═══ DATASET RECORDS ═══

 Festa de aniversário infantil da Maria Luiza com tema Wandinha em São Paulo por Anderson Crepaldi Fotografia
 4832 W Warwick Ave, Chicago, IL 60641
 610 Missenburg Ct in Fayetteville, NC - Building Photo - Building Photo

═══
═══ DATASET RECORDS ═══

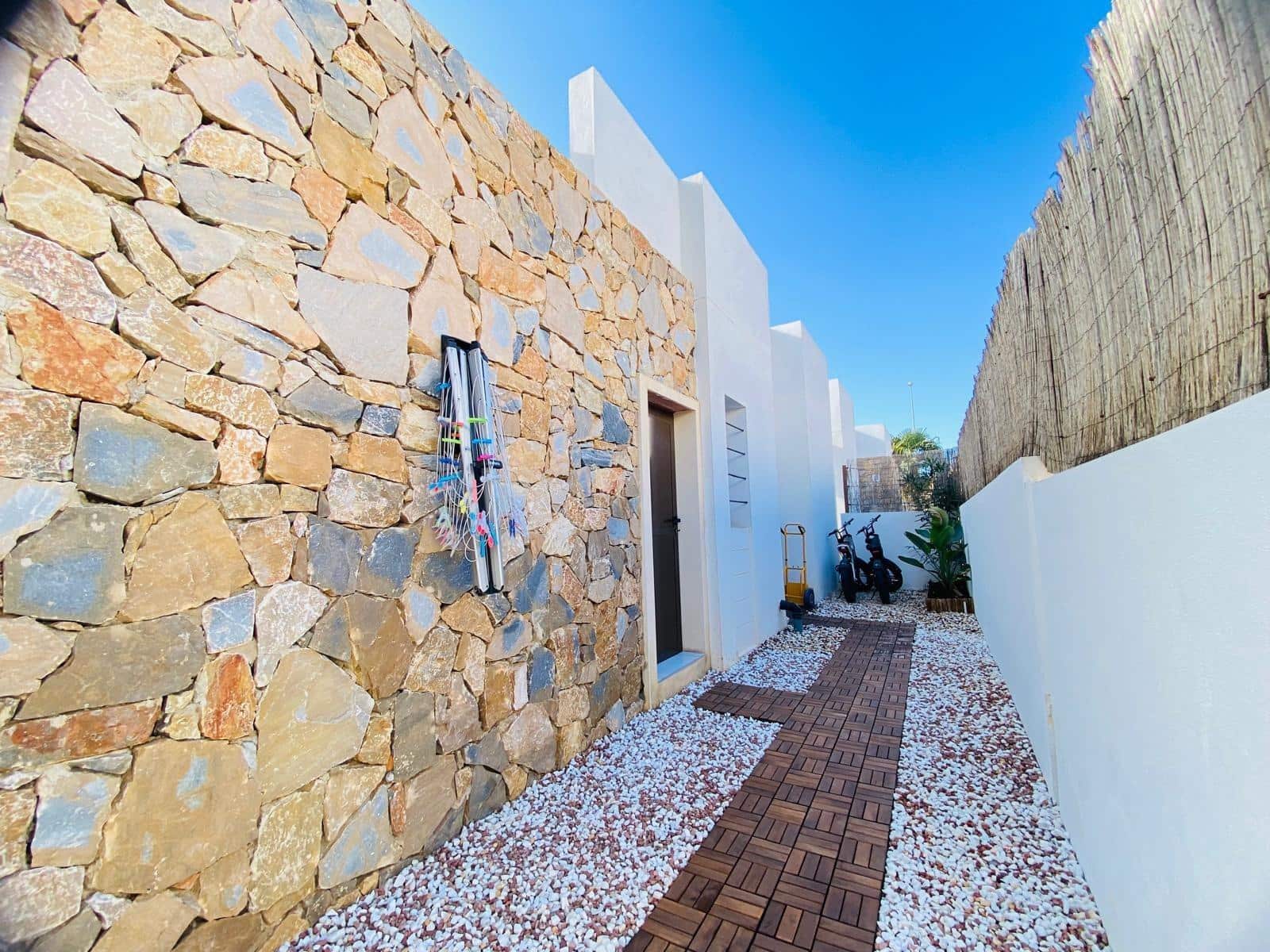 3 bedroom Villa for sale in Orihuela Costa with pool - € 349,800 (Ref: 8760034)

═══

* PROBLEM DETAILS: Within the material above, copy exactly the lines from the line that holds "Festa de aniversário" up to and including the line that holds "610 Missenburg Ct".

* EXERCISE SOLUTION:
 Festa de aniversário infantil da Maria Luiza com tema Wandinha em São Paulo por Anderson Crepaldi Fotografia
 4832 W Warwick Ave, Chicago, IL 60641
 610 Missenburg Ct in Fayetteville, NC - Building Photo - Building Photo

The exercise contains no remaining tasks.